Is it a "gamble" flying with Spirit - absolutely (in my opinion), but because of the price, I gambled and won (for a change - don't get me around slots though - totally different story :rofl


----------



## Rent_Share (Nov 8, 2012)

The pricing model and program is about getting the plane turned around faster by penalizing behavior.
The market will vote with their feet, either by walking away or towards

Southwest turns their planes by all of the employees working together to "giterdone", IE Flight atendants cleaning the cabin while the plane is still unloading


----------



## Ken555 (Nov 8, 2012)

Glad to hear this works for some of you. I've never flown Spirit, and have absolutely no intention of flying them in future. Their pricing model just doesn't excite me.


----------



## Rent_Share (Nov 8, 2012)

Ken555 said:


> Glad to hear this works for some of you. I've never flown Spirit, and have absolutely no intention of flying them in future. Their pricing model just doesn't excite me.


 
Never have and Never will, just understand what they are trying to do.

As mainstream traditional airlines started charging for handling baggage, the amount of carryon luggage has increase delaying the loading and unloading. . . .


----------



## persia (Nov 8, 2012)

The notion of what is or isn'ta mainstream airline doesn't really exist.  Is Virgin America or Southwest or JetBlue a mainstream airline?  Why or why not?   

On the Tuesday after Sandy, when United, Delta, America and others had abandoned Logan airport to it's fate, Spirit still flew.  And they got their passengers to their destinations safely.

There is no substitute for being an informed consumer.  When you price your airline tickets add in the all the extras.  A hundred dollar flight on American will cost you much more than a hundred dollar flight on Southwest if you have bags and less than a $100 flight on Spirit.  

Always read the fine print.


----------



## x3 skier (Nov 8, 2012)

Fortunately for me as an Elite on AA and DL, I don't pay extra for anything and usually (>50%) get upgraded to First even at a cheap fare. 

Thankfully then, I don't have suffer Spirit, Aligient, Ryan Air, Easy Jet or any other who sell the ticket as a loss leader. 

Ya pays yer money and ya takes yer choice. 

Cheers


----------



## Ken555 (Nov 8, 2012)

persia said:


> Always read the fine print.



Of course. The problem is the lack of transparency that still exists when comparing some carriers. It's getting better, but still not great. For instance, I need several tickets to Denver in December and when I explored options Frontier looked the best - until I discovered they charge for everything, including seat assignments! We bought on Southwest and are saving significantly, yet the Frontier "flight price" is less. 

I'm all for saving money when flying, but not at the expense of convenience and customer service. I do not define a potential $100 fee for a carry-on bag to be good customer service.
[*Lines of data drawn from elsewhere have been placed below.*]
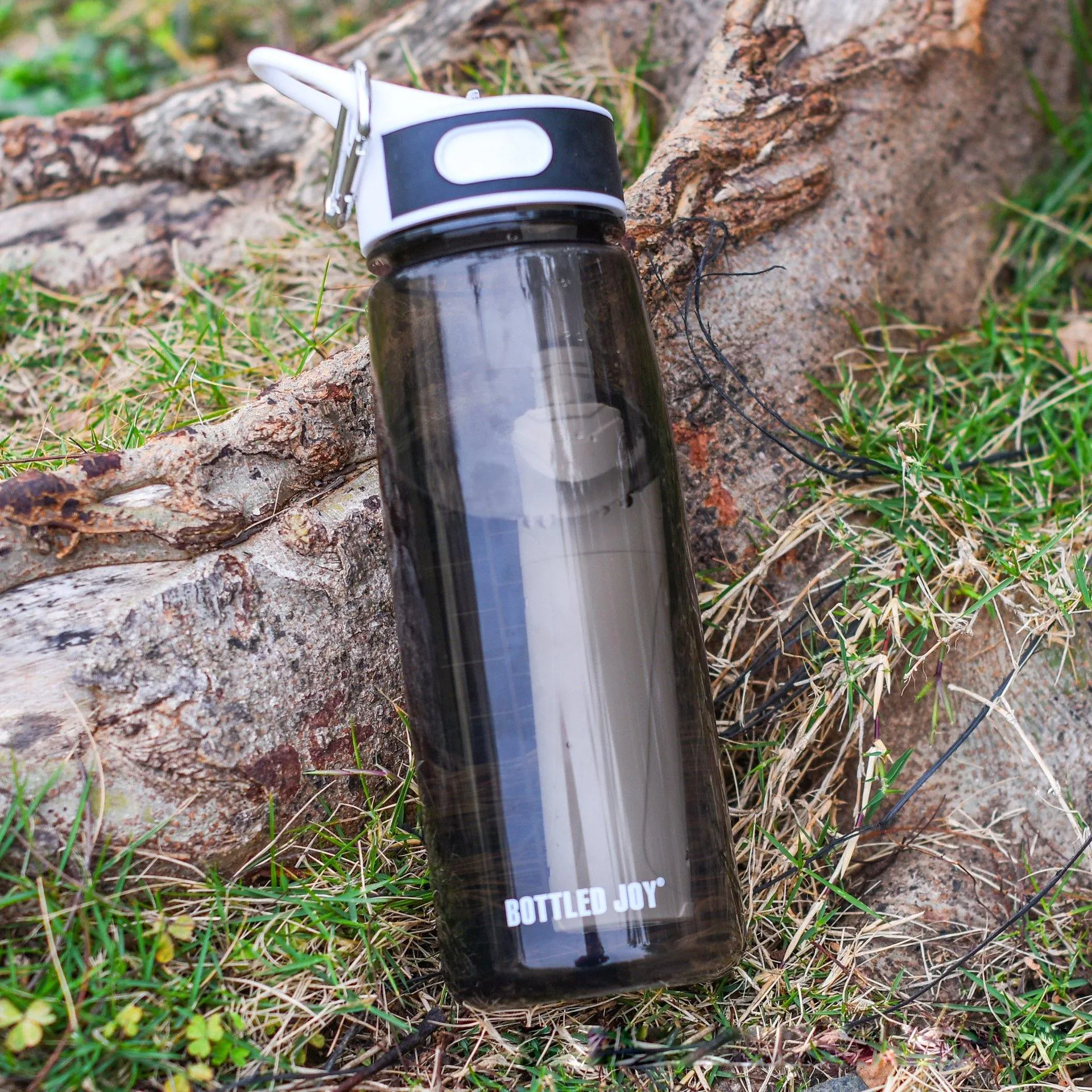 Filtered Water Bottle, Emergency Water Purifier with Filter Straw for Travel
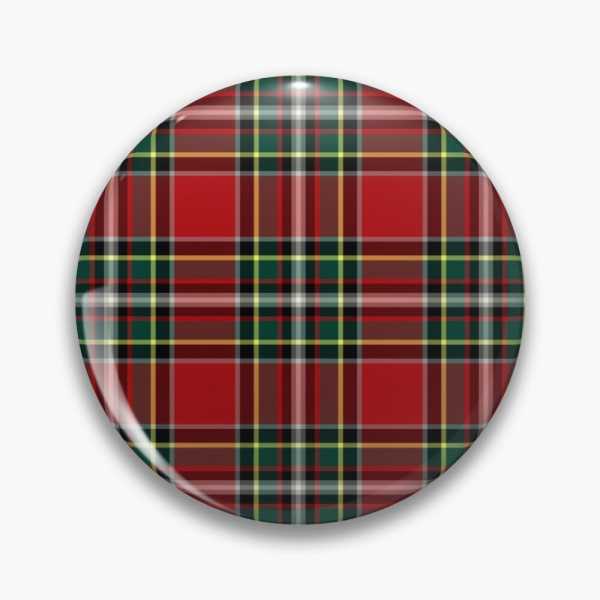 Gillespie tartan pinback button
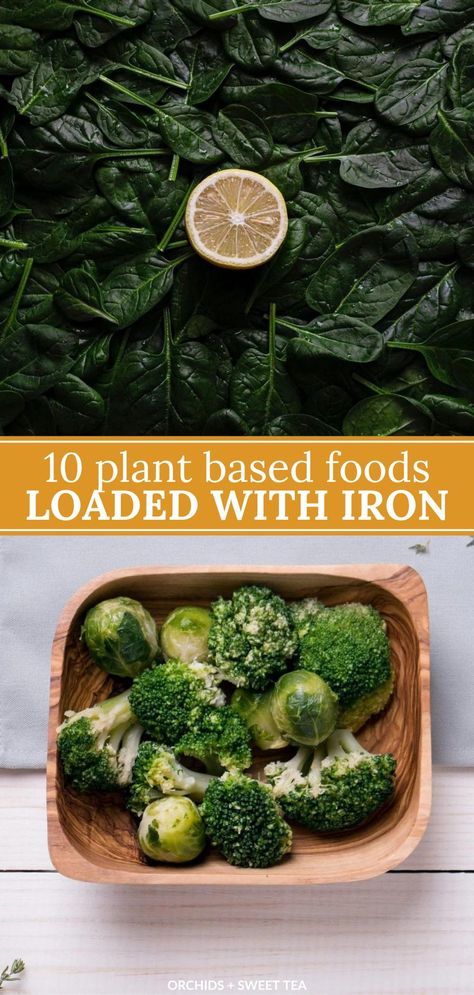 You go-to guide on the 10 Vegan foods loaded with iron. These Plant-Based Foods Loaded With Iron are sure to become staples in your kitchen as some of the best foods rich in iron. | vegan foods with iron | iron rich foods vegan |  high iron vegan foods | vegan foods high in iron | iron rich plant based foods | plant based foods high in iron Plant Based Iron Rich Foods, Vegan Iron Rich Foods, Iron Rich Vegan Foods, Vegetarian Iron Rich Recipes, Veggies High In Iron, Foods Rich In Iron, Iron Rich Recipes, Vegan Iron Sources, Wfpb Vegan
While I doubt I would forget to buy a bag slot in advance, I wouldn't even want to be in the same terminal as others who get hit with that fee and have to witness the resulting meltdown. I'd rather have airlines charge a reasonable fee for their service, and have it include at least a minimum of carry-on baggage (more than just a briefcase or purse).


----------



## persia (Nov 9, 2012)

Interestingly Spirit's website shows they have no tickets available to fly to or from Boston until 25 April 2013!  A lot of destinations sold out for December, January too.


----------



## x3 skier (Nov 10, 2012)

There will always be people who take Greyhound or Spirit and there will always be people who charter a jet or a limousine 

If it meets your needs, go with it. 

Cheers


----------